[Brief descriptive captions]
☆ ☆ ☆
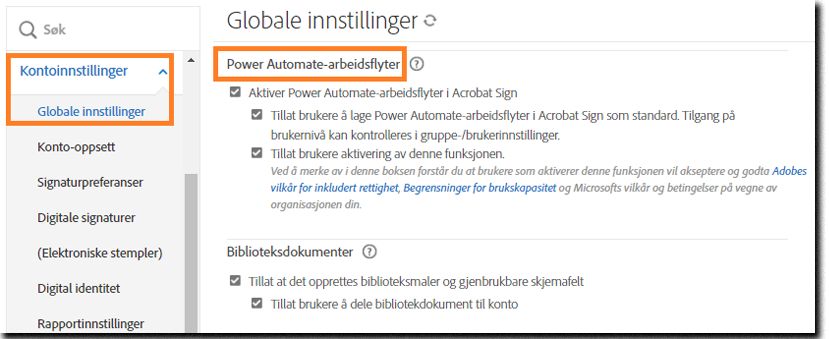 Administratorsiden for Globale innstillinger med Power Automate-arbeidsflytkontrollene uthevet.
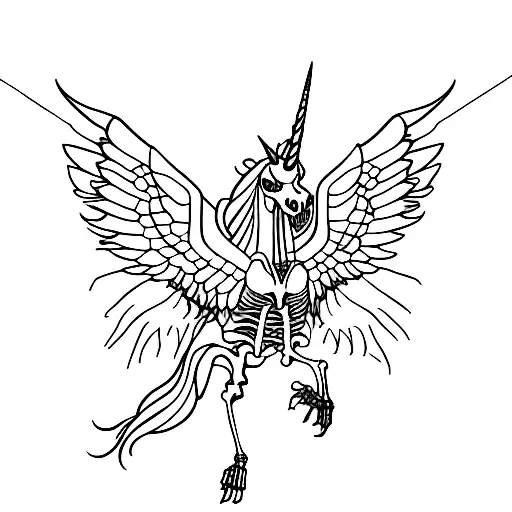 The Skeleton Of A Unicorn With The Wings Thestral From Harry Potter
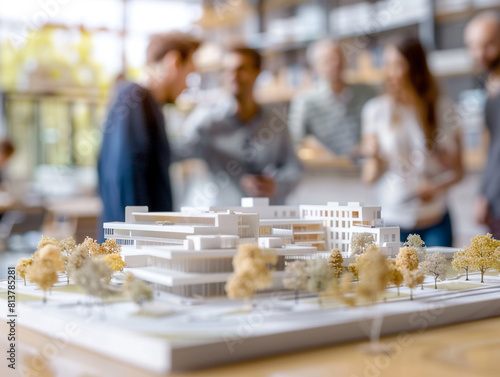 Co-workers gathered around the architectural model. Focused to the model. Blurred background. 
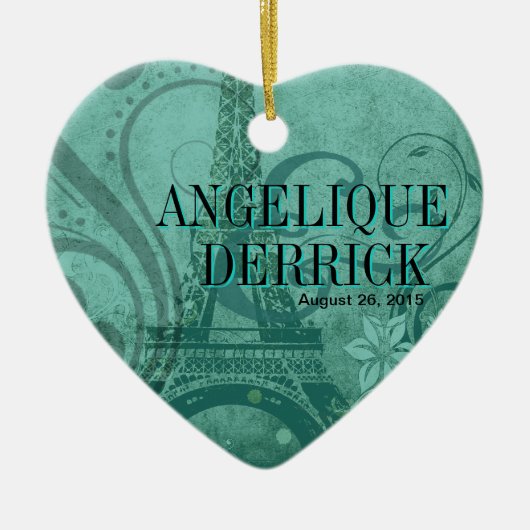Fleur de Paris Eiffel Tower Weddenschap blauwgroen Keramisch Ornament (Voorkant)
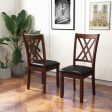 Set of 2 Dining Chair with Backrest and Padded Seat-Brown For Cheap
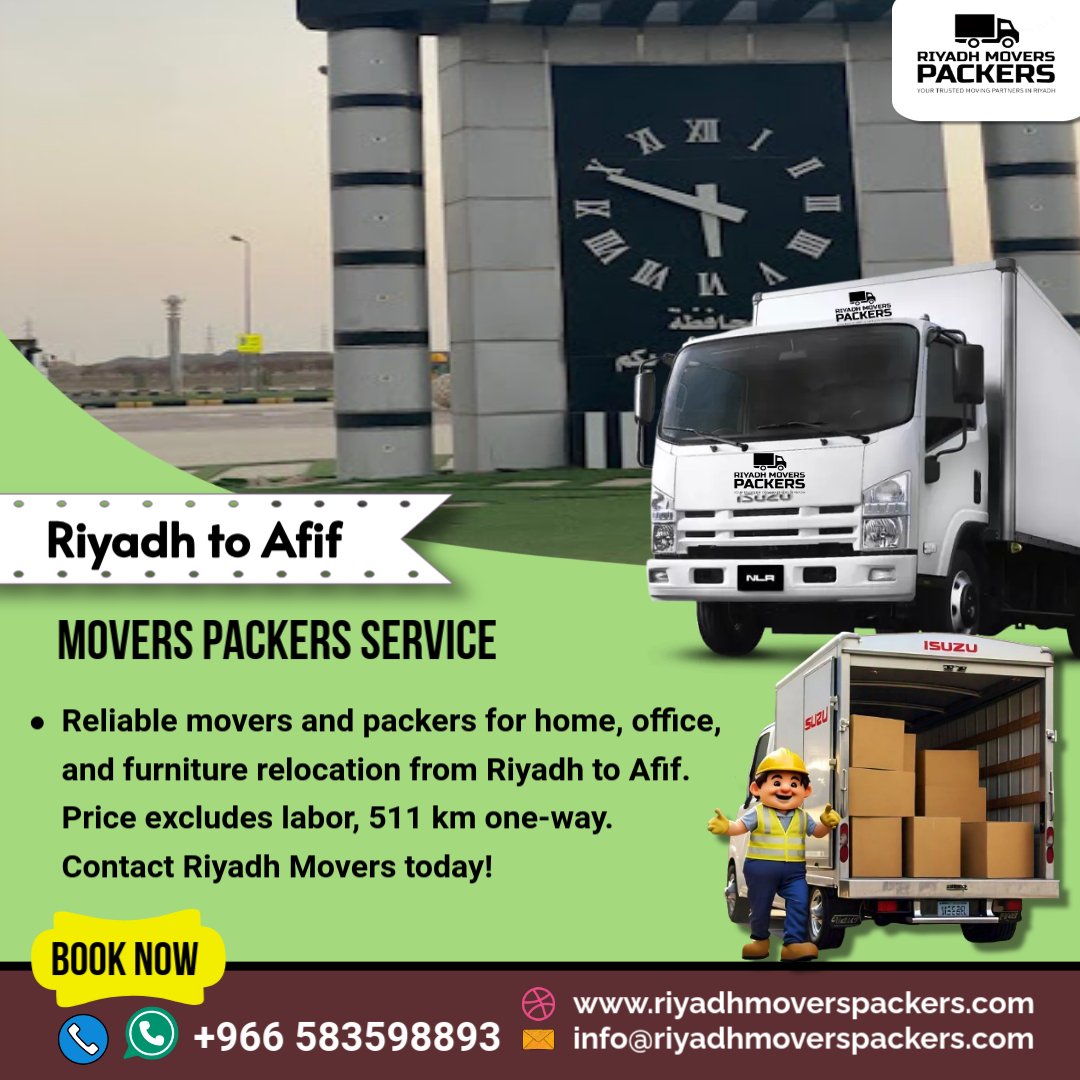 Riyadh to Afif Movers Packers Services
☆ ☆ ☆
### What you have to do
Copy out every line above, word for word, minus images.

### Result for this exercise
 Administratorsiden for Globale innstillinger med Power Automate-arbeidsflytkontrollene uthevet.
 The Skeleton Of A Unicorn With The Wings Thestral From Harry Potter
 Co-workers gathered around the architectural model. Focused to the model. Blurred background. 
Fleur de Paris Eiffel Tower Weddenschap blauwgroen Keramisch Ornament (Voorkant)
 Set of 2 Dining Chair with Backrest and Padded Seat-Brown For Cheap
 Riyadh to Afif Movers Packers Services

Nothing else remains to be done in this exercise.